Danish troops take part in military drills in Greenland, September 2025. Guglielmo Mangiapane/Reuters

Donald Trump’s capture of Venezuela’s president Nicolás Maduro and his wife Cilia Flores, in defiance of international law and state sovereignty, comes on the back of almost 12 months of blatant threats and lethal military actions against Venezuelan shipping. With Maduro now on US soil, Trump has immediately turned his attention 4,000 miles northwards, to Greenland.

A long-running obsession for the president, off-the-cuff musings about buying the sparsely populated but mineral-rich and strategically positioned territory have turned into something more sinister. “We do need Greenland,” Trump has told the US press on Sunday, citing its mineral wealth and the threat posed by Chinese and Russian ships. 
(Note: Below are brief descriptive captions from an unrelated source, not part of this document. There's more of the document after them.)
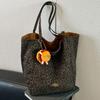 Canvas-Tasche mit Leopardenmuster für Damen, neuer Frühlings- und Sommermodetrend, lässige Umhängetasche mit großem Fassungsvermögen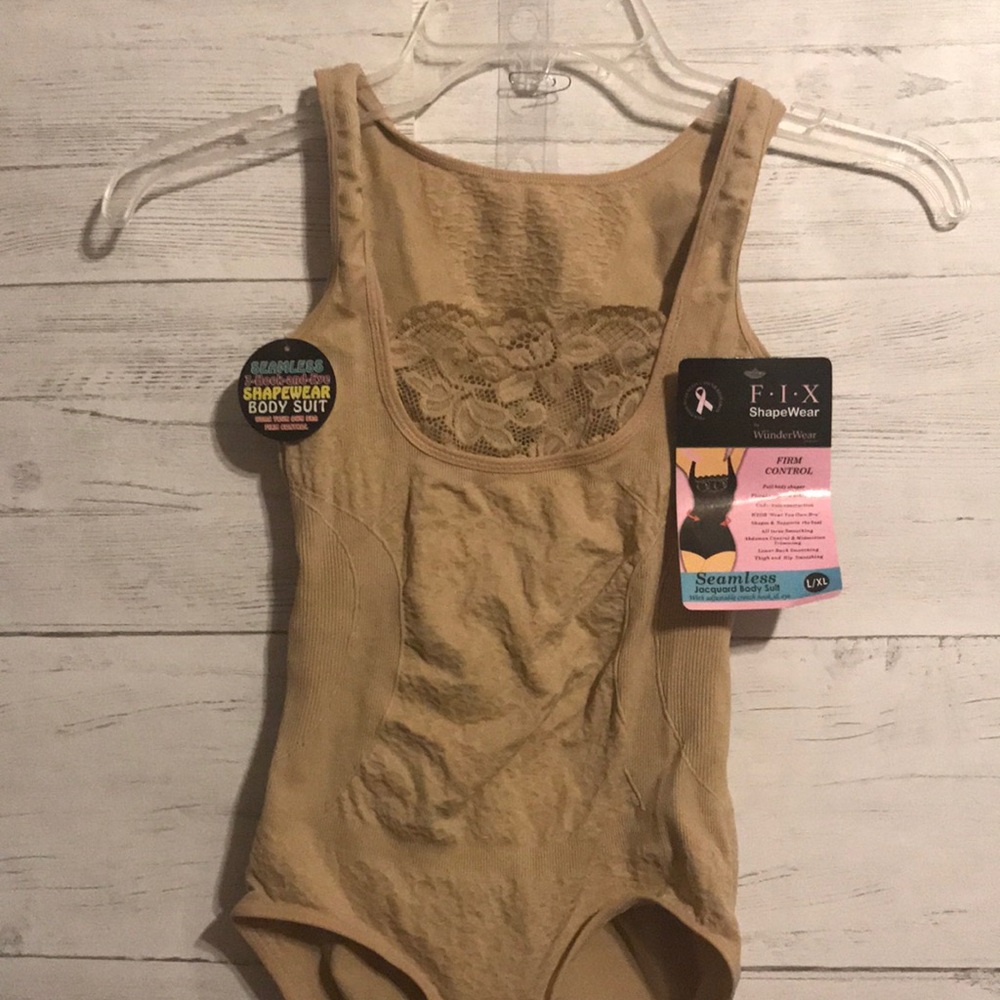Seamless jacquard body suit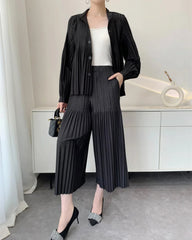 Luxury Pleated Wide-Leg Culottes
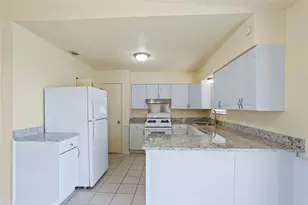 3718 Yellowstone St, Irving, TX 75062 - Photo 7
Three powerful forces that will shape global politics over the next 12 months and beyond are all coming together in the Arctic, creating the potential for conflict and even military clashes. First, there’s the hard turn of the US away from its self-appointed role as global policeman, in favour of a focus on its so-called “hemispheric” interests and naked resource-grabs. Second, there’s the growing demand for critical minerals, as demand for electricity and electrical goods soars. And third – most fundamental of all – is that Arctic ice is melting, opening up new shipping lanes, revealing new sources for mineral wealth, and driving the militarisation of the far north.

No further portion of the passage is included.